View PostKaeb Odellas, on 08 August 2015 - 12:14 PM, said:

You can't just download a MOBA and go right into multiplayer matches straight away and expect any kind of success either, even if you're familiar with controlling a character in in the RTS style with the RMB. Controlling your character may be simple in the mechanical sense, but everything else related to the game is stupid complex. Success in those games requires you to be familiar with the role and abilities of every character in the game, how they synergize with other characters, and how items can affect their abilities.

I did exactly that. Just downloaded the game and started playing. It is super simple to figure out. Of course as you want to progress in the game you need to learn these things, but not from the very beginning. Not until you are level 30 and want to play ranked.

View PostKaeb Odellas, on 08 August 2015 - 12:14 PM, said:

Also, it's not that goddamn complex.

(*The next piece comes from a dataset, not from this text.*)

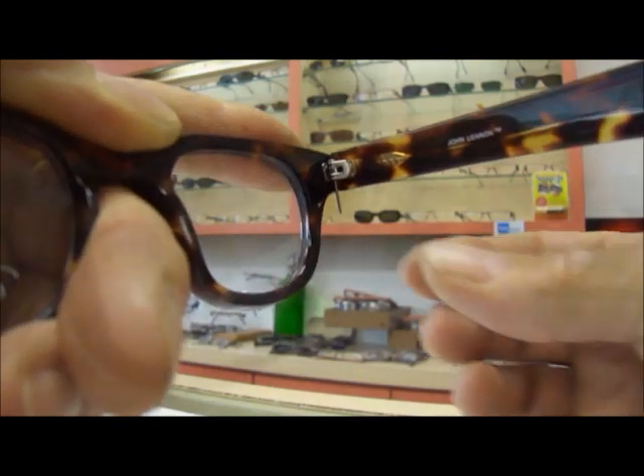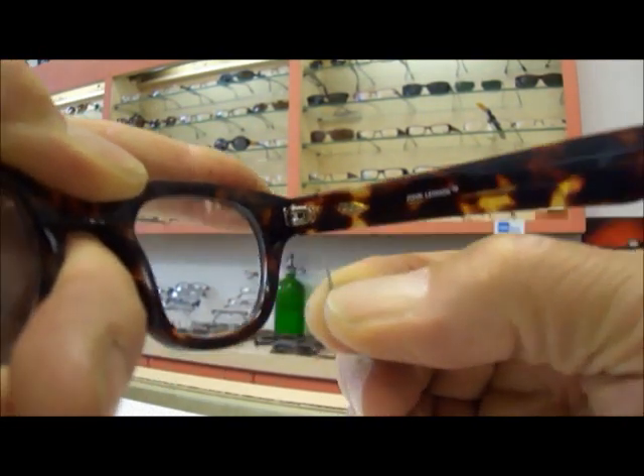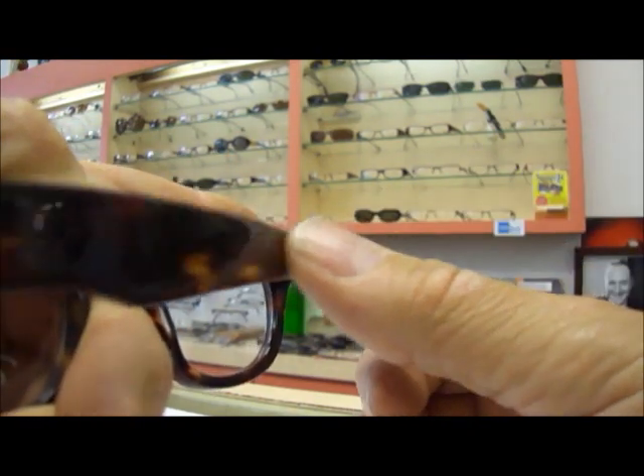After you tighten it, all you do is snap it off. And you're done. No clipping, no filing, finished.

You move fast, you shoot bad. You move slower, you shoot better. You stop moving, you shoot best. Some guns and mechs are more accurate on the move than others. That's practically every FPS released in the past 10 years. The only difference is that you're using multiple guns at once and each one has a distinct (and identifiable, if they do it right) crosshair.

Other FPS games don't have convergence because you have one gun shooting from straight from your middle. It's constantly converged. The weapons however might be inaccurate and thus have an arc of fire instead of being pinpoint, but that is a different mechanic altogether.
We could possibly add that to ACs, Gauss and PPCs, but then we should also make them instantanious or greatly reduced travel time.
Moving an shooting is only inaccurate as infantry because you need your body to stay steady. But a mech is obviously built to compensate just like any other mounted weapons we use.
In short, you cannot compare this to any other shooter because no other shooter actually needs convergence.

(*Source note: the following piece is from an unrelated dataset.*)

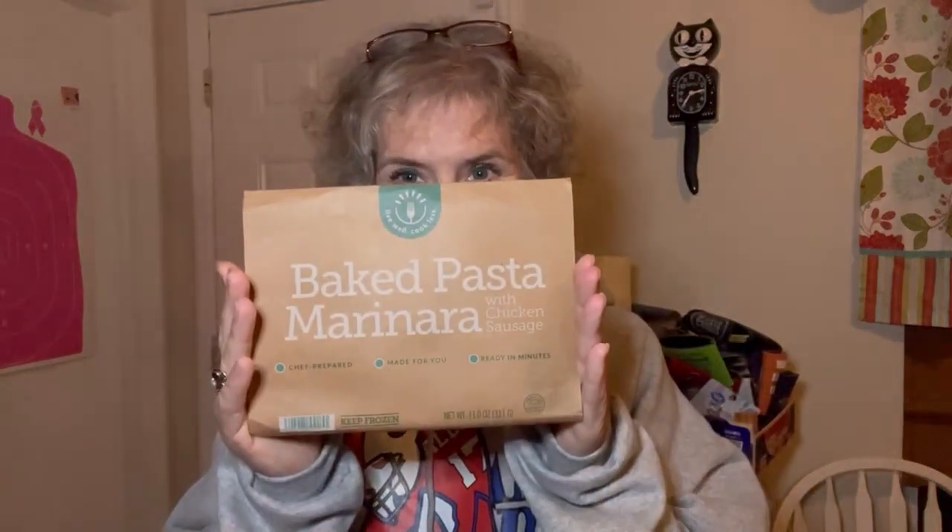Hey friends, welcome back to another riveting edition of Solo Travel Girl Tribe Bistro MD.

View PostKaeb Odellas, on 08 August 2015 - 12:14 PM, said:

It's one of the game mechanics from the old tabletop game that never crossed over to the PC games. Hitting things was hard, and landing every shot from every weapon on one component was practically impossible. Nothing in Battletech actually makes any kind of damn sense, so trying to apply logic to the lore is a fool's errand. I'm not one of those neckbeardy lore types, but this is a mechanic that would make sense to translate over.

Why does it make sense to translate this over? I don't get it. How does that improve the gameplay of the game in any way? How does hitting random components make any sense in a shooter? If we need to make it harder to hit accurately in a shooter game, use shooter mechanics, not dice mechanics.

View PostKaeb Odellas, on 08 August 2015 - 12:14 PM, said:

We're not talking about torso twist, but the speed at which your weapons converge on whatever you point at. It used to not be instant, hence the currently useless Pinpoint elite skill. Now it's instant. It should not be.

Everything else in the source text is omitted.